Begriffe verwerflicher als Taten

Für Balcis Urteil gab es einen konkreten Anlass: die Demontage des Neuköllner Bürgermeisters Martin Hikel durch den linken Flügel seiner eigenen Partei. Hikel sprach mehrfach das Thema Clankriminalität an und weigert sich, den Kampfbegriff «antimuslimischer Rassismus» zu benutzen, der im linken Milieu dazu dient, jede Kritik am politischen Islam und an der fehlgeleiteten Migrationspolitik zu skandalisieren. Schon der Begriff «Clankriminalität» gilt bei Jusos und sonstigen Parteilinken als «rassistisch» und damit verwerflicher als das Phänomen, das er bezeichnet. Zur Strafe für Hikels Weigerung, sich dem Sprachregime zu unterwerfen, statteten ihn seine Genossen bei der Nominierung für die kommende Wahl mit einem derart schlechten Ergebnis aus, dass der Kommunalpolitiker erklärte, nicht wieder für das Amt zu kandidieren. 

 

Wohlwollen für die Grauen Wölfe

Berlins SPD-Führung wies Balcis Vorwurf der islamistischen Unterwanderung sofort hell empört und pauschal zurück. Den SPD-Spitzen geht es darum, die Debatte gar nicht erst aufkommen zu lassen. Denn sie wissen selbst sehr gut, dass ihre Partei seit Jahren die Nähe von Extremisten sucht und findet, wenn es ihr nützt. Und zwar nicht nur in Berlin. Die Grauen Wölfe bilden laut Bundeszentrale für politische Bildung «die grösste rechtsextreme Organisation in Deutschland», auch bekannt als Ülkücü-Bewegung. Sie beziehungsweise ihr politischer Dachverband ATIB stehen unter Beobachtung des Verfassungsschutzes. 

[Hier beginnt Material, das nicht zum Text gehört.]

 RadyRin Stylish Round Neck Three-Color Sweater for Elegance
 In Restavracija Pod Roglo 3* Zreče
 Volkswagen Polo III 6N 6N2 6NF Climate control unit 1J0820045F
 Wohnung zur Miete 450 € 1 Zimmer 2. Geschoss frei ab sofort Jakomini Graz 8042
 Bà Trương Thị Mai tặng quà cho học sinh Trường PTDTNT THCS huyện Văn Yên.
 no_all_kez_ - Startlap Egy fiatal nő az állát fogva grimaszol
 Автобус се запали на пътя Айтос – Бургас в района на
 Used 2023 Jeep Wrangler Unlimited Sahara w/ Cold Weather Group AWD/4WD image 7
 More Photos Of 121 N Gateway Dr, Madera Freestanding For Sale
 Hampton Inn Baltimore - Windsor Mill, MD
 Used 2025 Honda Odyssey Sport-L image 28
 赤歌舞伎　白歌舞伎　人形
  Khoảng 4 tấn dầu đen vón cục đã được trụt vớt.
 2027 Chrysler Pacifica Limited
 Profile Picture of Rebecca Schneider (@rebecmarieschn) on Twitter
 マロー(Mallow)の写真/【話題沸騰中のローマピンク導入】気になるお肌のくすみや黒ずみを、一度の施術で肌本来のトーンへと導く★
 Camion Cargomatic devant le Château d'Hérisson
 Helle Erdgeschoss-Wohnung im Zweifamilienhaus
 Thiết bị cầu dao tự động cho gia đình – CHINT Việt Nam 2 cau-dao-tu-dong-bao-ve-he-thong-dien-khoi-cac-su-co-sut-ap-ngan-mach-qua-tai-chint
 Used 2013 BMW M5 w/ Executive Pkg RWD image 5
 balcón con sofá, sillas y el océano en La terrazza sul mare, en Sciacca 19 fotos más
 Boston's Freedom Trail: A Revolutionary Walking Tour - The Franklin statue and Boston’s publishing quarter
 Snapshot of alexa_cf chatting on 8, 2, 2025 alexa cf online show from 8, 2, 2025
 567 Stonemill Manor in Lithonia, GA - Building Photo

In ihren Anfangszeiten in der Türkei verübten die Grauen Wölfe zahlreiche politische Morde. Heute bemüht sich die Organisation in der Türkei und in Ländern mit grosser türkischer Gemeinde zum einen um Einfluss auf Moscheen unter ATIB-Regie, zum Zweiten aber auch um einen Anteil an der politischen Macht. Die Bewegung, die extremen türkischen Nationalismus, aggressive Judenfeindlichkeit, Verachtung gegenüber Aleviten und Kurden und radikalislamische Überzeugungen verbindet, knüpfte in den vergangenen zehn Jahren ein enges Beziehungsnetz zu SPD-Politikern. In der Partei, die angeblich jeden Extremismus ablehnt, stossen die Grauen Wölfe, aber auch andere radikalislamische Organisationen auf ausdrückliches Wohlwollen, das oft weit über Gespräche hinausreicht.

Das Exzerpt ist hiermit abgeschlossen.